WHAT TO DO:
Repeat, please, only the lines from the top of the data down to the line with "フルジルコニアの症例1の治療前"; include both of those lines.

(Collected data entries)

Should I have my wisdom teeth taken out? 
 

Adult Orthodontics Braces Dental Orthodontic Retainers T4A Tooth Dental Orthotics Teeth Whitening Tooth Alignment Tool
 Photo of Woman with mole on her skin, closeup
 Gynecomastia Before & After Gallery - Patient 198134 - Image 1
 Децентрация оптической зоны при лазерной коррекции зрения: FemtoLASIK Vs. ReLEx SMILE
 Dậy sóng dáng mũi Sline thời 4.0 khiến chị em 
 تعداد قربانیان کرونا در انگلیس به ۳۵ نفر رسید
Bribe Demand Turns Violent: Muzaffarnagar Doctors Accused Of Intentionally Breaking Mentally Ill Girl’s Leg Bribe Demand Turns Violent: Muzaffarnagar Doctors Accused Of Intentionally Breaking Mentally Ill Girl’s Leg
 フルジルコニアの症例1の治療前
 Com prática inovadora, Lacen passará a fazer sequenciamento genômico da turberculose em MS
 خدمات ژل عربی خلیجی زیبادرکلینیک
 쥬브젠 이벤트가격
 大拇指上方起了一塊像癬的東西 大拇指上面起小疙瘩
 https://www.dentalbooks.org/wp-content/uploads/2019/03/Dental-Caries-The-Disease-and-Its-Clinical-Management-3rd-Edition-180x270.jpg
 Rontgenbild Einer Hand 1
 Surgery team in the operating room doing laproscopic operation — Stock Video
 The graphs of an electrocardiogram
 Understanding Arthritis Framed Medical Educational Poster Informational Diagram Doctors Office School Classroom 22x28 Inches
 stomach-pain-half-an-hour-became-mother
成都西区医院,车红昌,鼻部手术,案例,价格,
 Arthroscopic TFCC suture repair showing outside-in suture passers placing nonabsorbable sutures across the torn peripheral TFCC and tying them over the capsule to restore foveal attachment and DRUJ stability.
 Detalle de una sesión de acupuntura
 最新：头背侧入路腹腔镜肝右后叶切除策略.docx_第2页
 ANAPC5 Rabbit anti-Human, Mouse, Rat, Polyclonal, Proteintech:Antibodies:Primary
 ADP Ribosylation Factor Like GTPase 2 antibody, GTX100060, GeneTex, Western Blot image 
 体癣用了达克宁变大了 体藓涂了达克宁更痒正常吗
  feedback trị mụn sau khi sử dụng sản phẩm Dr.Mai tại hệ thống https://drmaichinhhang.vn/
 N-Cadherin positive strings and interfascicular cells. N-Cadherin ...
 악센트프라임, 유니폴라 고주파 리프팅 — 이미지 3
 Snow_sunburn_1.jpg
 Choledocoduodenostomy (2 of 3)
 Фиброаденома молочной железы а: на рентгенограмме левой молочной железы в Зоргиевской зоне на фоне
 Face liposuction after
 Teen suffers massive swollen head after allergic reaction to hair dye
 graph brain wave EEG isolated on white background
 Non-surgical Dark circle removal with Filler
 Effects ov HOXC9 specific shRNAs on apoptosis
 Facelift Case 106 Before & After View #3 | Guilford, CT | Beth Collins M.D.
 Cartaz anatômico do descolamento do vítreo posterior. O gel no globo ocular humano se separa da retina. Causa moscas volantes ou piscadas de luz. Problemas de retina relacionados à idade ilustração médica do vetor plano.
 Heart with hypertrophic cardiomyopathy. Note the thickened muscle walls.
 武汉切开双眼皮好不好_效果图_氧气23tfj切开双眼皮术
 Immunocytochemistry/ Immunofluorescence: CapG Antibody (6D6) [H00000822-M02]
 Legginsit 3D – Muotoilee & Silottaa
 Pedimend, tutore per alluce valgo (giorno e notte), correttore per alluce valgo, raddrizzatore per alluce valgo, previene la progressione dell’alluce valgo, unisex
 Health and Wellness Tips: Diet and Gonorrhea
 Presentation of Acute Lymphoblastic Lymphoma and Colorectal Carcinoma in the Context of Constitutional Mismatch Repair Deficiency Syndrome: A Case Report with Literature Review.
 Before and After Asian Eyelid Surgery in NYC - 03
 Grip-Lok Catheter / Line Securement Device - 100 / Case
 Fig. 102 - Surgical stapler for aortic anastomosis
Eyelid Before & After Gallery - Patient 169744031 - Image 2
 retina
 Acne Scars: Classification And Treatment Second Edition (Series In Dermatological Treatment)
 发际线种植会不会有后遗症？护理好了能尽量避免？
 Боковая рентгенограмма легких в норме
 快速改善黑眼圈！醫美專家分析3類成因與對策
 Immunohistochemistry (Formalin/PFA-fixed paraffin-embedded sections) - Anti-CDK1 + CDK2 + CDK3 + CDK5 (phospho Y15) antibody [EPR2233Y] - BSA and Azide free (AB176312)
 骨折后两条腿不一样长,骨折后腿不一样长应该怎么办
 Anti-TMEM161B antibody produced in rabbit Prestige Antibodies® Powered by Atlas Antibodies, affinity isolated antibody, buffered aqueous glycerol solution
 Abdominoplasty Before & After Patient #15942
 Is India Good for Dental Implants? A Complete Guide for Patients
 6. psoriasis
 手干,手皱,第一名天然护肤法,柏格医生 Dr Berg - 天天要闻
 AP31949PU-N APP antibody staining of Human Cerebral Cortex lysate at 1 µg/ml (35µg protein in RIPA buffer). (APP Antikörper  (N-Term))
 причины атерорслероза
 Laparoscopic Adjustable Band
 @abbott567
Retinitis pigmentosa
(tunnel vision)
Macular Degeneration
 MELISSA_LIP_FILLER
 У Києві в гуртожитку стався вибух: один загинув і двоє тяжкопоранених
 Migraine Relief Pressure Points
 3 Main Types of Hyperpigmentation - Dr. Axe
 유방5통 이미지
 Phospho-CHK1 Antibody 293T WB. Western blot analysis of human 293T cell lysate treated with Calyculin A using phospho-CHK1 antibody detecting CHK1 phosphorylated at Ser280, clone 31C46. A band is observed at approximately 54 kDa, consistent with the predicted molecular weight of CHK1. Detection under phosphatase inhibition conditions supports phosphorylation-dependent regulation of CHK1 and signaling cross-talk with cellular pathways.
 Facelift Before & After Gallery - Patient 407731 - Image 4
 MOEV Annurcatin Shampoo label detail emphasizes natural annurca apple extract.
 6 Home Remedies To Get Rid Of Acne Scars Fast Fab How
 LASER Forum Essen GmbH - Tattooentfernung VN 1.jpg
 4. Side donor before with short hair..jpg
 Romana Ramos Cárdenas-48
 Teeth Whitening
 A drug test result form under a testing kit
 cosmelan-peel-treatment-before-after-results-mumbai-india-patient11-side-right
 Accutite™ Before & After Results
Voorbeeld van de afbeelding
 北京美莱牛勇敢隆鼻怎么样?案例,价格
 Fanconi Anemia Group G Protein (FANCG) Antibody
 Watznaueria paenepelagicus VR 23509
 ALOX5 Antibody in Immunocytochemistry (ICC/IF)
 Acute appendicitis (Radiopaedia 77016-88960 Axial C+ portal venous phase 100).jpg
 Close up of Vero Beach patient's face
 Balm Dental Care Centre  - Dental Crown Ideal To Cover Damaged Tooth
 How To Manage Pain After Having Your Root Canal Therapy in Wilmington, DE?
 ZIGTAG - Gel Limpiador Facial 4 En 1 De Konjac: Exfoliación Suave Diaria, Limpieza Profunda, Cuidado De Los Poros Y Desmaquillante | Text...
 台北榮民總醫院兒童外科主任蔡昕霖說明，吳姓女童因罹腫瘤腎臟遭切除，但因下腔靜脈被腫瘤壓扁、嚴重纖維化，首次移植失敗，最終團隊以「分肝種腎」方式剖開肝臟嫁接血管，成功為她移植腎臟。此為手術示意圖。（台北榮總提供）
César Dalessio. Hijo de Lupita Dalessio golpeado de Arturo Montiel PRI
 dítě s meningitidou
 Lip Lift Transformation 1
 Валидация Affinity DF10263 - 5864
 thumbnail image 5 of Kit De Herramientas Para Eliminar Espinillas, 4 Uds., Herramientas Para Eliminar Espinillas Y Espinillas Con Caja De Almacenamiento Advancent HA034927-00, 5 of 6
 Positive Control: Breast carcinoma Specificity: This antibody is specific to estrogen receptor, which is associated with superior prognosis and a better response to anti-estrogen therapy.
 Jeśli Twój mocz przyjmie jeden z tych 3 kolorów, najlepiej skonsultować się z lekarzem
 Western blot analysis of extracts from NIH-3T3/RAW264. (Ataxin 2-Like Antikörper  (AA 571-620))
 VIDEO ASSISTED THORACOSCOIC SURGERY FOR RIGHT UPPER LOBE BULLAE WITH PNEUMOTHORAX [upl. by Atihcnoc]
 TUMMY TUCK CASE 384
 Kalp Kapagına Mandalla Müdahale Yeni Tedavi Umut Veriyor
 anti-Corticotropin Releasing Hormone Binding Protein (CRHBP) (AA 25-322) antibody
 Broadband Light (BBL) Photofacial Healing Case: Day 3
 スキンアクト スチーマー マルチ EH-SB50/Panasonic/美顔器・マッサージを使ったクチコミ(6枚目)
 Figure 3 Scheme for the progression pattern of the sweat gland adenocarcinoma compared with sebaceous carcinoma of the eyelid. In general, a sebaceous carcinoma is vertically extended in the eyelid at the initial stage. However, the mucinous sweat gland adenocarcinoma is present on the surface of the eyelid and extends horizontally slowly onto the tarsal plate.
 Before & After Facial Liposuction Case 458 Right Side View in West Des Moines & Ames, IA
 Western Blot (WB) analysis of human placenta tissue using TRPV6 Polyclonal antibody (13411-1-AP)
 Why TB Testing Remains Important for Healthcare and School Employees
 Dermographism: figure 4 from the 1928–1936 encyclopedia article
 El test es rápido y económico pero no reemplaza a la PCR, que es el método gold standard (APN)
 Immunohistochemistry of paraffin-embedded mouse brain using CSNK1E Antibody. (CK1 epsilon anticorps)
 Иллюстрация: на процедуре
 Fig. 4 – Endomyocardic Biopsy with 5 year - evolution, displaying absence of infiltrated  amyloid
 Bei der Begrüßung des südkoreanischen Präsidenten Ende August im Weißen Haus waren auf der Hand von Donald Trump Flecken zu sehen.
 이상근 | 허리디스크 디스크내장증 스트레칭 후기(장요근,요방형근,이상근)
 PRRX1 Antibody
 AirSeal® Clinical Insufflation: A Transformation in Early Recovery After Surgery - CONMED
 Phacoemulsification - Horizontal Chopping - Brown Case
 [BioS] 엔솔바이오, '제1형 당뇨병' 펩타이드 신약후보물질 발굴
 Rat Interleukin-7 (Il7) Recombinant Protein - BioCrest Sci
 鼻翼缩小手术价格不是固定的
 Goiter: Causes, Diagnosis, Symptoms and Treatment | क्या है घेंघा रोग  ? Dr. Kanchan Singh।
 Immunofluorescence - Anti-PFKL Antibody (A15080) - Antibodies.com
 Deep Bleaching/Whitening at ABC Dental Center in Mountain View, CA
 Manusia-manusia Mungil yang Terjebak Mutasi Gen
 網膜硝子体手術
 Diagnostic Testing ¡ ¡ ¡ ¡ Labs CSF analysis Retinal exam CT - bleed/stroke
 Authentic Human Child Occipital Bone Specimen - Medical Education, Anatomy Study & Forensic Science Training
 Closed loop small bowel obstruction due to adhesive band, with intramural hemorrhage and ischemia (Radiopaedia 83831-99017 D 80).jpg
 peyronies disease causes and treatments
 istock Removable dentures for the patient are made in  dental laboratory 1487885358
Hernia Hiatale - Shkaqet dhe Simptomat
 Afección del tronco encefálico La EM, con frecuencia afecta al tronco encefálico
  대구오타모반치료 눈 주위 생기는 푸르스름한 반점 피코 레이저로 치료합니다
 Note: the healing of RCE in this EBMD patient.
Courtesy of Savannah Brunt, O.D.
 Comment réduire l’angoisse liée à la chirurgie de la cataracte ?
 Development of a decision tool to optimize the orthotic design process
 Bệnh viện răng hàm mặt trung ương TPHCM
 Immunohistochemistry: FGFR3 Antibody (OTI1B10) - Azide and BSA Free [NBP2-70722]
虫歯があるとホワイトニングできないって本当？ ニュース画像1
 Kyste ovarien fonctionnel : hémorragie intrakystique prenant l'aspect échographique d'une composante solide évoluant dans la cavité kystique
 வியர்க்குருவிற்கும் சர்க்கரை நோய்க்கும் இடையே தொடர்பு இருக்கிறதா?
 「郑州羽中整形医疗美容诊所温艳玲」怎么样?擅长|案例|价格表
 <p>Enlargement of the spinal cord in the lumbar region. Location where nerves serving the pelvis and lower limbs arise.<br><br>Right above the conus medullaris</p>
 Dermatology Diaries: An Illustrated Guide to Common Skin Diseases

FINAL ANSWER:
Should I have my wisdom teeth taken out? 
 

Adult Orthodontics Braces Dental Orthodontic Retainers T4A Tooth Dental Orthotics Teeth Whitening Tooth Alignment Tool
 Photo of Woman with mole on her skin, closeup
 Gynecomastia Before & After Gallery - Patient 198134 - Image 1
 Децентрация оптической зоны при лазерной коррекции зрения: FemtoLASIK Vs. ReLEx SMILE
 Dậy sóng dáng mũi Sline thời 4.0 khiến chị em 
 تعداد قربانیان کرونا در انگلیس به ۳۵ نفر رسید
Bribe Demand Turns Violent: Muzaffarnagar Doctors Accused Of Intentionally Breaking Mentally Ill Girl’s Leg Bribe Demand Turns Violent: Muzaffarnagar Doctors Accused Of Intentionally Breaking Mentally Ill Girl’s Leg
 フルジルコニアの症例1の治療前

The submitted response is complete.